Het Centrum van Mechelen is een belangrijke historische stad, in het begin van de 16de eeuw werden de Nederlanden vanaf hier bestuurd door Margaretha van Oostenrijk.
- Mechelen heeft een middeleeuws stadscentrum met een schitterende Grote Markt; er zijn huizen uit verschillende tijden, renaissancehuizen uit de zestiende eeuw en huizen in rococostijl uit de achttiende eeuw; er is de Sint-Romboutstoren, het Paleis van de Grote Raad, nu het Stadhuis van Mechelen, en het onvoltooide belfort.
- De Brusselpoort is het enige overblijfsel van de stadswal rond Mechelen; dit indrukwekkende monument herbergt ook het Brusselpoortmuseum; de poort dateert uit de 13de eeuw, het was de hoogste poort van Mechelen en wordt ook wel de overpoort genoemd.
- De Korenmarkt.
- De IJzerenleen; dit rechthoekige plein was vroeger een vismarkt; deze herinnering wordt levend gehouden door de visfontijnen; dit plein heeft zijn naam te danken aan de gotische leuning die er nog steeds staat.
- De Botermarkt.
- De Vismarkt.
- Het Paleis van Margareta van Oostenrijk, genaamd Hof van Savoye; Margareta zetelde hier als landvoogdes van de Nederlanden; haar standbeeld staat op de Grote Markt.
- Mechels Horlogerie- en klokkenmuseum, Lange Schipstraat 13.
- Het Hof van Busleyden, een woning uit de 16de eeuw, gebouwd naar ontwerp van Antoon I Keldermans en Rombout II Keldermans, nu een museum, o.a. een Gallo-Romeinse afdeling met een zeldzame verzameling tinnen nachtpotten; mooi gerestaureerd; voorbeelden van Mechelse kant en meubilair.
- Het Groot en Klein Begijnhof; het klein begijnhof is het oudste en bevindt zich in de K. De Deckerstraat in het noorden van de stad.
Mechelen heeft 7 kerken op zijn grondgebied, meest bekend is de Sint-Romboutkathedraal.
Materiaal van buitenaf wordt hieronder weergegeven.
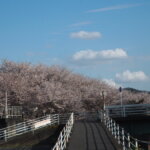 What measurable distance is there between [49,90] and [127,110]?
14.9 meters

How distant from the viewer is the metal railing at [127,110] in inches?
1738

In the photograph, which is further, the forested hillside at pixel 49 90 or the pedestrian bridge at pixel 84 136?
the forested hillside at pixel 49 90

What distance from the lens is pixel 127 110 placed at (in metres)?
45.3

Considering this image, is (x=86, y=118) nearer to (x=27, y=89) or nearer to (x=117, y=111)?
(x=117, y=111)

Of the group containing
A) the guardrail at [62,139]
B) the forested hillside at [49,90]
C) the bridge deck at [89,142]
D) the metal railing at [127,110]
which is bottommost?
the bridge deck at [89,142]

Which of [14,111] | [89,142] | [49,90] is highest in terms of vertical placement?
[49,90]

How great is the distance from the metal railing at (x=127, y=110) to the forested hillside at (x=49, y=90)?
616cm

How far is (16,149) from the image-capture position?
34.3 m

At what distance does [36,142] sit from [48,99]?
20.1 meters

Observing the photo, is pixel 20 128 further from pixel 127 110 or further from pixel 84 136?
pixel 127 110

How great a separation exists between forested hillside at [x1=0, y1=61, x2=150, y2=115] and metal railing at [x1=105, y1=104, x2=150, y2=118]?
616 centimetres

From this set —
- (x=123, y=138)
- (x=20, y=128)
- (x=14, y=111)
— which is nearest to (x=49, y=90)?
(x=14, y=111)

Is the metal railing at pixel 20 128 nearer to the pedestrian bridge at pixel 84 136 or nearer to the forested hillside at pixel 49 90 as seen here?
the pedestrian bridge at pixel 84 136

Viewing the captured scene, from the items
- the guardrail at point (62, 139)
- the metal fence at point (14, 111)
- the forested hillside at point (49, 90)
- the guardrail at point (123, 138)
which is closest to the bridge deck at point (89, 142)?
the guardrail at point (62, 139) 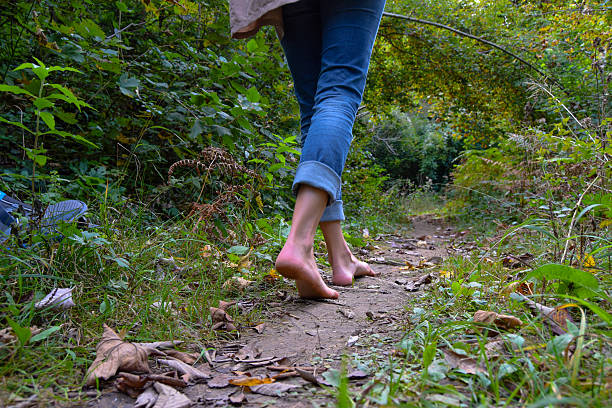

- De Sint-Romboutskathedraal is maar half afgewerkt; de toren (nu 97,9 m) moest normaal 167 m hoog worden, zeker hoger dan de kathedraal van Antwerpen maar volgens de overlevering zijn de Antwerpenaren de bouwmaterialen komen stelen en nu staat er een stompe toren die beklommen kan worden met een audiogids. De reden waarom men gestopt is met bouwen is onduidelijk: er was geen tekort aan geld want het was de gouden eeuw van Mechelen. De eerste steen werd gelegd in 1452. In het Zeeuwse Zierikzee staat een toren van hetzelfde bouwmeestersgeslacht, de familie Keldermans, die eveneens niet volledig is afgewerkt. In de toren is ook een beiaard geïnstalleerd. Op het dak van de toren is een skywalker geplaatst zodat je gemakkelijker van het adembenemende uitzicht kan genieten. De toren telt 538 treden, met enkele rustpunten. In de kerk is mooi beeldhouwwerk en werk van Antoon van Dijck, De kruisdood van Christus, te bewonderen.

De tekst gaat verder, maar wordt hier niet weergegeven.